» Exercise aim: From the first line to the last, return the data exactly, with no pictures.

» Provided data:
※ ※ ※

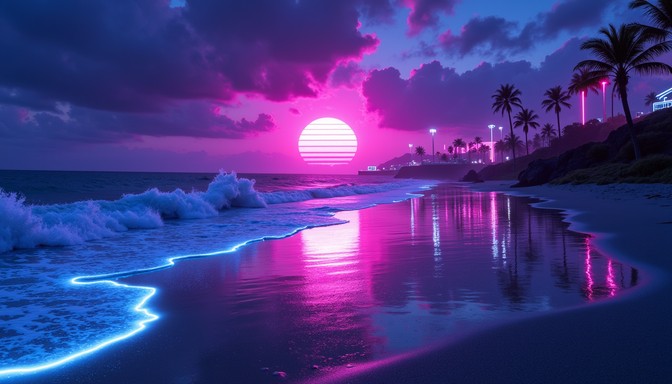 Free Neon Beach Sunset Image - Cyberpunk, Beach, Neon | Download at ...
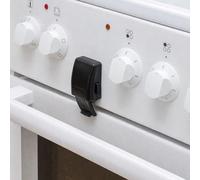 Oven Door Child Safety Lock, 2 pcs, in Black, Oven Safety Lock with Heat-Resistant Adhesive, Double Push-Button, Removable Without Residue, Oven Door Lock for Gluing, Oven Door Baby Safety Lock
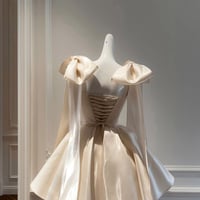 Champagne Satin Short A-Line Prom Party Dress - Thumbnail 1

※ ※ ※

» Problem solution:
 Free Neon Beach Sunset Image - Cyberpunk, Beach, Neon | Download at ...
 Oven Door Child Safety Lock, 2 pcs, in Black, Oven Safety Lock with Heat-Resistant Adhesive, Double Push-Button, Removable Without Residue, Oven Door Lock for Gluing, Oven Door Baby Safety Lock
 Champagne Satin Short A-Line Prom Party Dress - Thumbnail 1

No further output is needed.